When the tragic Dan River coal ash spill occurred in February 2014, Yadkin Riverkeeper staff were some of the first responders on site, collecting water samples and alerting the public to the extent of coal ash contamination. Since then our focus has shifted to making sure that a disaster like Dan River does not occur in the Yadkin Basin.
When the Dan River spill occurred in February 2014, Yadkin Riverkeeper staff were some of the first responders on the site to alert the public to the extent of coal ash contamination.
In October 2016, after a two year campaign, Yadkin Riverkeeper secured a clean up of the Buck Steam Station coal ash pits. Under this agreement, Duke Energy is obligated to excavate and recycle the over 5 million tons of coal ash sitting in unlined pits. Buck Steam Station is Duke’s oldest coal plant, opened in 1926 and stopped burning coal in 2013. It is the 8th of 14 sites in North Carolina to be placed under a clean up agreement.
Going forward, Yadkin Riverkeeper will continue to work with the Dukeville community and monitor the situation at Buck to ensure that clean up is conducted in a timely manner that protects the river and community. For more information on the clean up agreement, click here.
The Riverkeeper is working with the local community to fight for a long-term solution to groundwater and river contamination at Buck. Join us to demand that Duke clean up coal ash at Buck to protect drinking water in the Yadkin Basin.
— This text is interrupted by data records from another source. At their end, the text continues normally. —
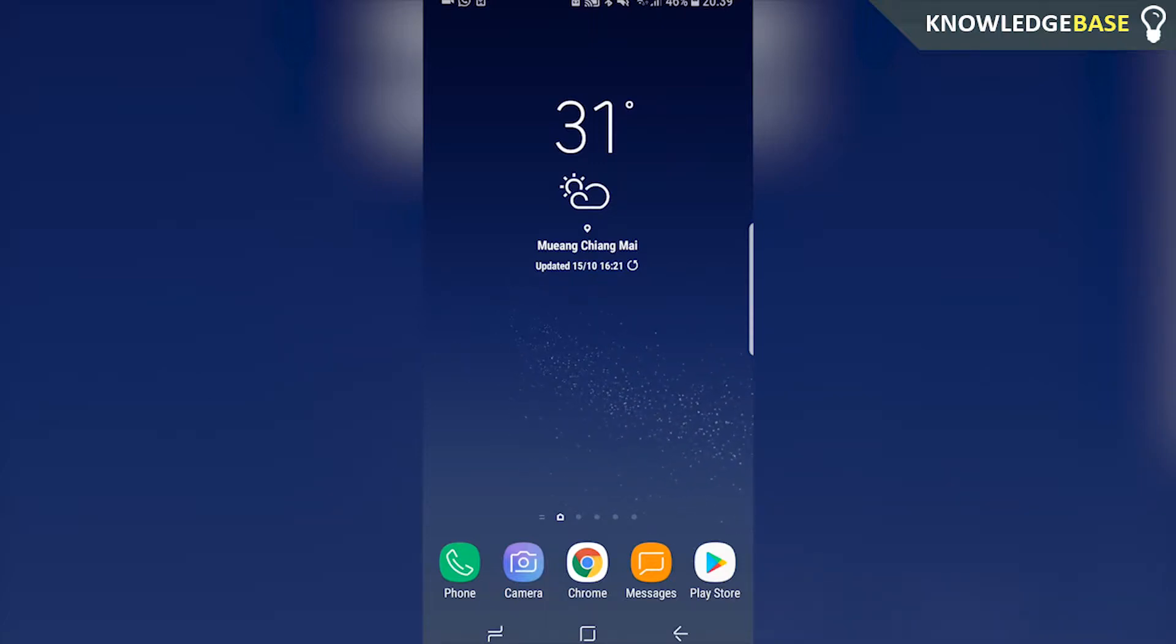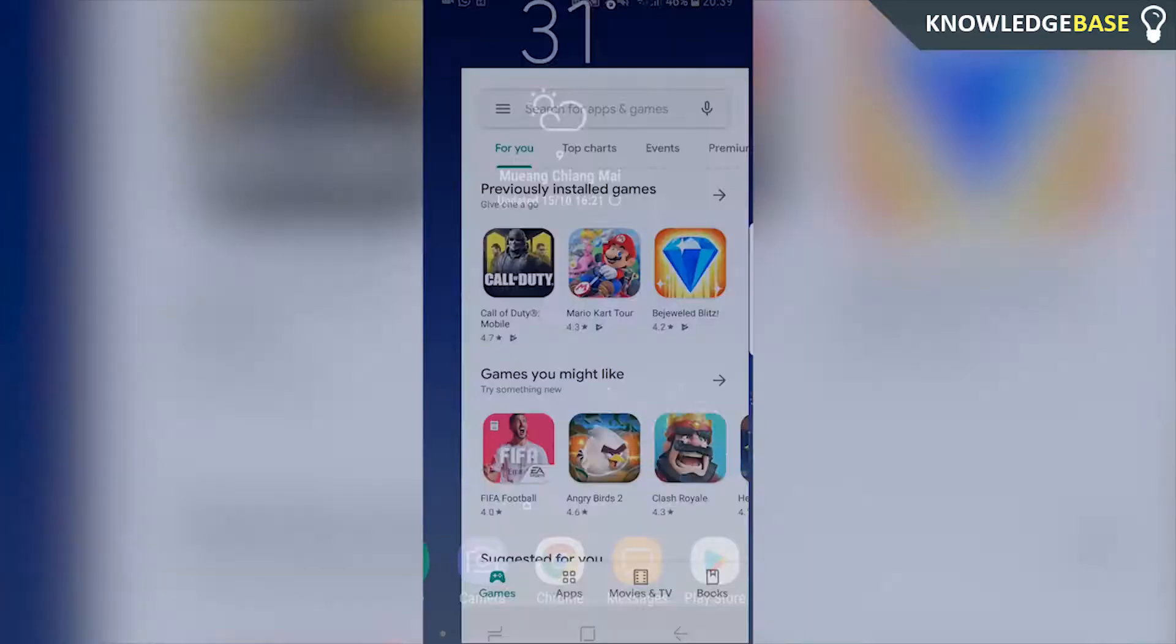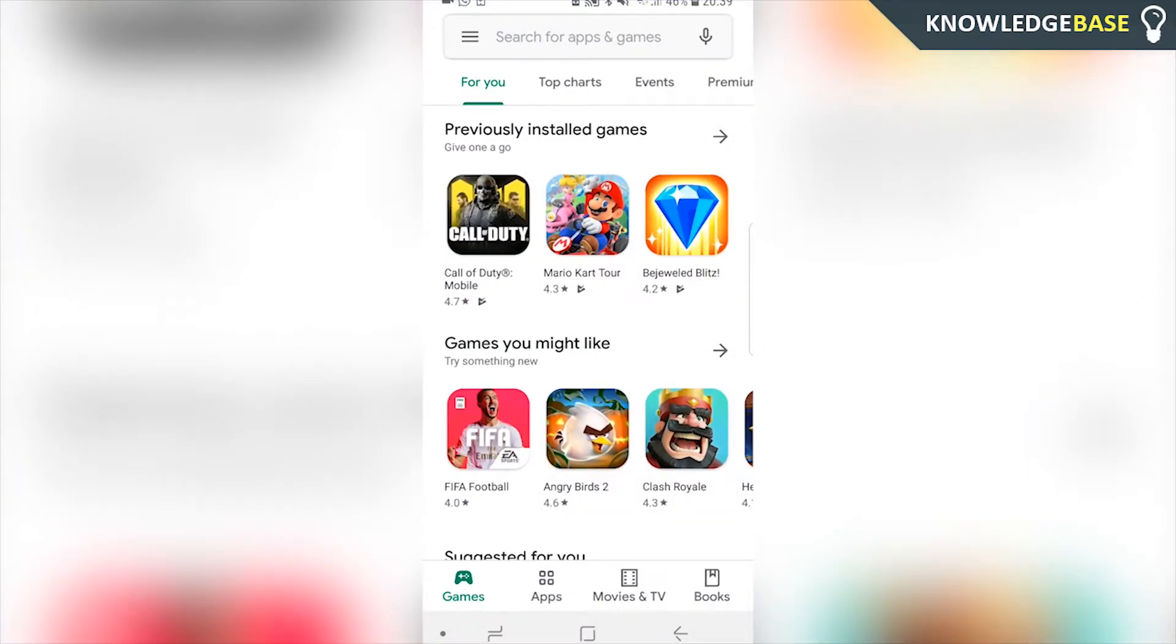So first things first, obviously we need to be on the Play Store. So click on the Play Store icon and it will obviously take you to here.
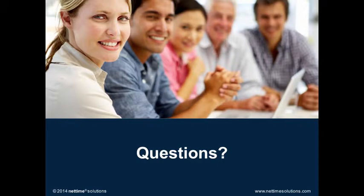That concludes our webinar on five frightening labor management scenarios. I'd now like to open the webinar up for any questions. You can enter those questions right into GoToWebinar's control panel and we'll answer them as they come in.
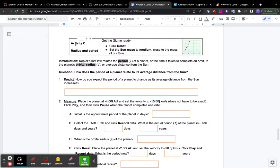This video is going to go over activity C of the Gizmo for Kepler's laws of planetary motion. I want to show you some things you haven't done yet in this simulation and try to keep it short.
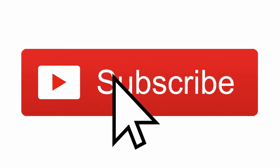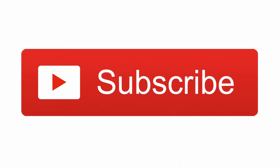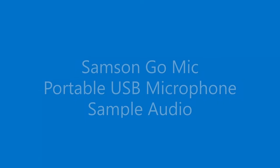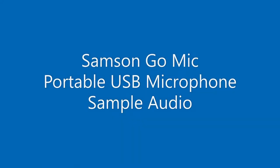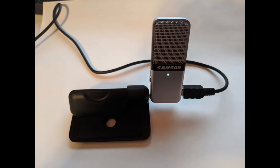The following is a test of the Samson GoMic portable USB microphone using the Harvard Sentences.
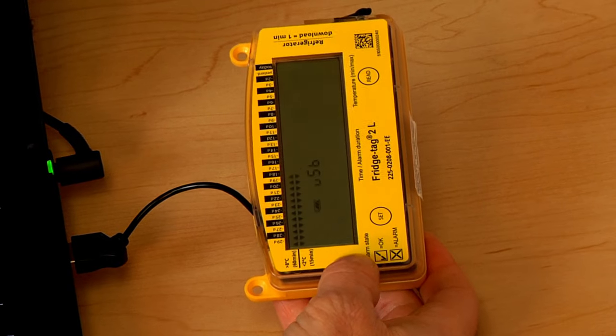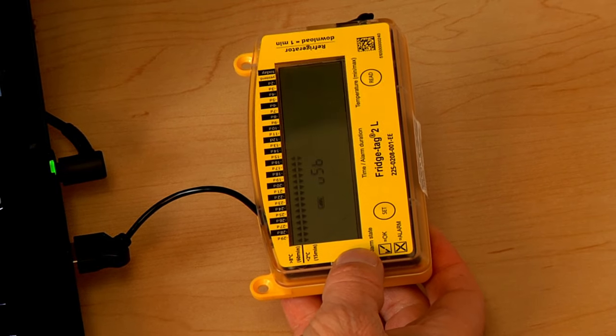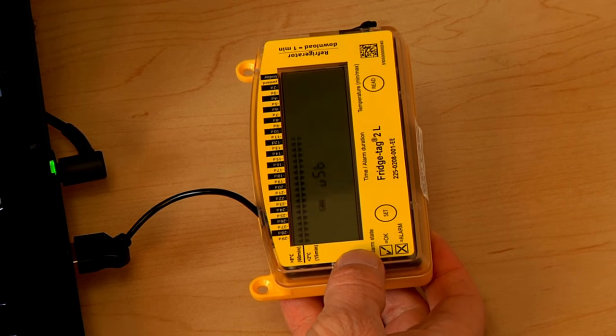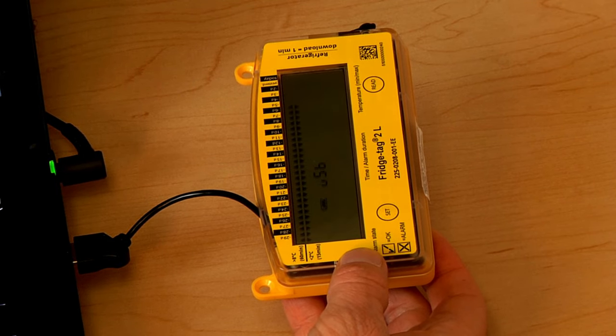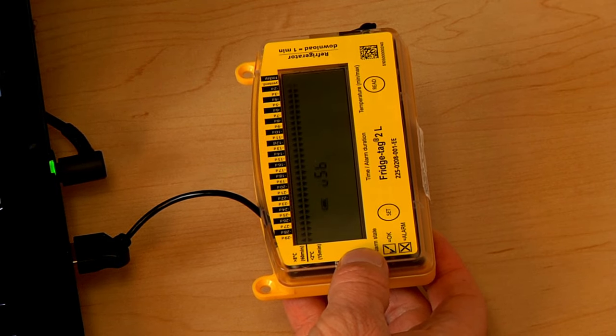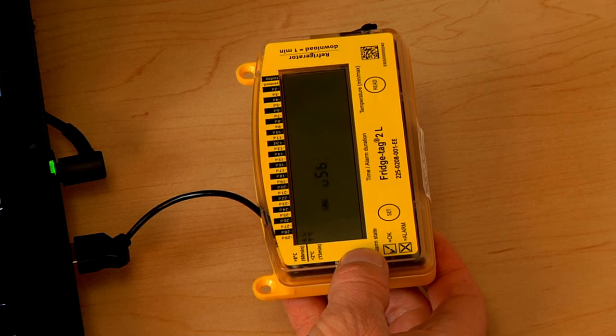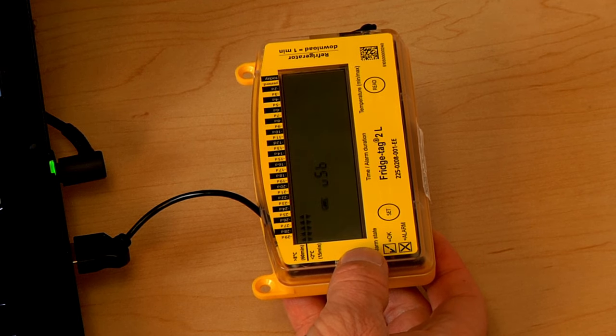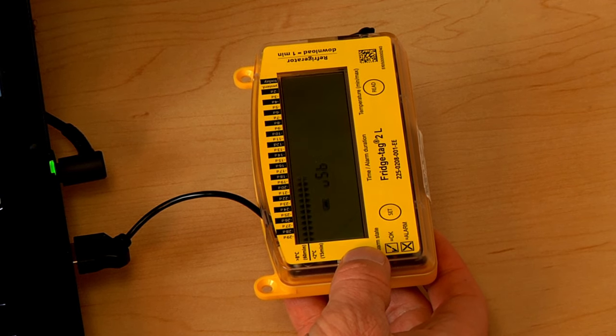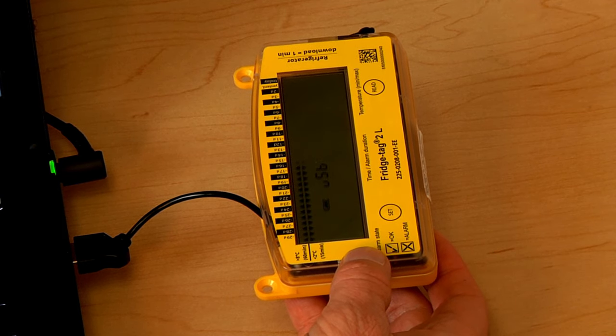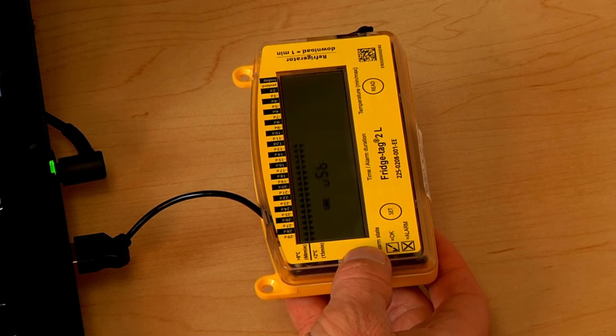If it's a Fridgetag 2L, the screen will show that it is actively generating the report. The Fridgetag 2 screen goes blank and the report is generated nearly instantly.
In November 2014, Yadkin Riverkeeper and Waterkeeper Alliance sampled the banks of High Rock Lake by Buck Steam Plant. The water level, 14 feet below its normal level, revealed a quarter-mile of oozing, metallic seeps rich in lead, arsenic and other heavy metals harmful to human health.
In September 2014, Yadkin Riverkeeper filed suit under the Clean Water Act, demanding the Duke Energy clean up groundwater contamination at the Buck Steam Plant. The Riverkeeper is acting because DENR's state lawsuit does not address unpermitted seeps or the groundwater contamination underneath the coal ash ponds.
It is estimated that 5 million tons of coal ash is sitting in unlined pits at Duke's Buck Steam Station in North Carolina.